Chapter 8 Extra questions
Question 1
Tardis Ltd carries on business as a travel agent. There is no restriction on the company’s objects in the articles of association. The articles provide that the board may delegate authority to a managing director or to individual directors who may contract on behalf of the company up to a limit of £50,000, beyond which the board’s prior authority must be obtained.
The following agreements have been entered into on behalf of the company:
(a) The board agreed to sponsor a local student to attend a three-year course at a nearby university at a cost of £10,000. The course is unrelated to the business of the company.
(b) Andreas, who acts as the managing director without having been formally appointed as such, contracted with Itma Ltd for the installation of a computer network for £55,000. He had not obtained the prior authority of the board for this.

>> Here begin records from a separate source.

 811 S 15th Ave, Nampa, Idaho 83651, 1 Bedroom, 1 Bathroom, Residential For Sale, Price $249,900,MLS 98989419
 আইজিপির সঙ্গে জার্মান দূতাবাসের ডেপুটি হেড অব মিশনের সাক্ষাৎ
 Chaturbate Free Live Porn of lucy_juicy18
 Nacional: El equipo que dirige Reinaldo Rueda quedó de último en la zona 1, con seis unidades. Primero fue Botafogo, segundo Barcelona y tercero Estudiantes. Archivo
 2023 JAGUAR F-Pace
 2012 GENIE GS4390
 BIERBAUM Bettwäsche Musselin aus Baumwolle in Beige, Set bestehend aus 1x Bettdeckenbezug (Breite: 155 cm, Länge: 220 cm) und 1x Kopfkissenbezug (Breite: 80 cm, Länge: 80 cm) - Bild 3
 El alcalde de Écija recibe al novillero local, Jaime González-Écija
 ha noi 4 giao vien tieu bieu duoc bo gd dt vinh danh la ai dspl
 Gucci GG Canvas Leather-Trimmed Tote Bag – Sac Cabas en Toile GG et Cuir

Advise on the validity of these transactions and the liability of the company and/or the board and the individual directors.
Answer guidance
This question relates to contracts potentially beyond the company’s capacity and outside the authority of the directors.
Briefly explain the notion of a company’s capacity and the doctrine of ultra vires (eg Ashbury Railway Carriage & Iron Co v Riche (1875) LR 7 HL 653) to show you understand that contract (a) might previously have fallen foul of this. However as the company does not have restricted objects, you should consider and apply CA 2006, s. 31. You could acknowledge that CA 2006, s. 39 would protect the validity of acts beyond a company’s capacity (including ex gratia payments) even if there were a restriction, but the directors would be in breach of duty under CA 2006, s. 171(a) and liable to account to the company, unless the agreement was ratified.
For contract (b), consider the effect of A acting on behalf of the company, and exceeding the limitation in the company’s articles. Distinguish between actual authority, and apparent (or ostensible authority), and recognise that the company can be bound even where there is no actual authority. Consider the holding out of A as managing director, and cases such as Freeman & Lockyer v Buckhurst Park Properties (Mangal) Ltd [1964] 2 QB 480. You also need to consider theeffect of the limitation in the company’s articles. Work through CA 2006, s. 40 (identifying any remaining areas of uncertainty of interpretation) and apply. For completeness you could also identify the common law indoor management rule (Royal British Bank v Turquand (1856) 6 El &Bl 327), but recognise s. 40 is usually broader in application. Remember to consider A’s liability under CA 2006, s. 171(a) which is not affected by s. 40 (s. 40(5)).
Question 2
Critically evaluate the importance of and impact on corporate responsibility of the Corporate Manslaughter and Corporate Homicide Act 2007.
Answer guidance
To answer this question fully you need to locate corporate manslaughter within the wider field of corporate criminal liability and corporate responsibility. You should acknowledge the company as a separate entity, but dependent on the actions of the individuals who control it, and consider whether/why corporate liability for criminal acts (and manslaughter in particular) is necessary. The difficulties of identifying ‘corporate’ behaviour and punishing a corporation – and whether these are necessary - should also be considered.
Assess the Act by considering its context and the problem of attributing criminal liability to a company. Show an understanding of the identification doctrine and developments, with particular consideration of the pre-Act problems establishing corporate manslaughter (considering the P&O and Southall disasters for example). Explore the approach of the courts and evaluate the merits and problems of the pre-Act approach. You should discuss the Law Commission proposals and the resulting Act, with reference to the wider academic discussion. Explain how the Act operates, how far it differs from the preceding law, and evaluate issues of interpretation and application. Consider the impact of the Act by considering more recent cases, and assess its importance. Discuss whether a similar approach should be adopted in other areas of corporate liability/responsibility, or the merits of other statutory approaches such as the Bribery Act 2010. You could contrast the approach of the Act with that taken in other jurisdictions.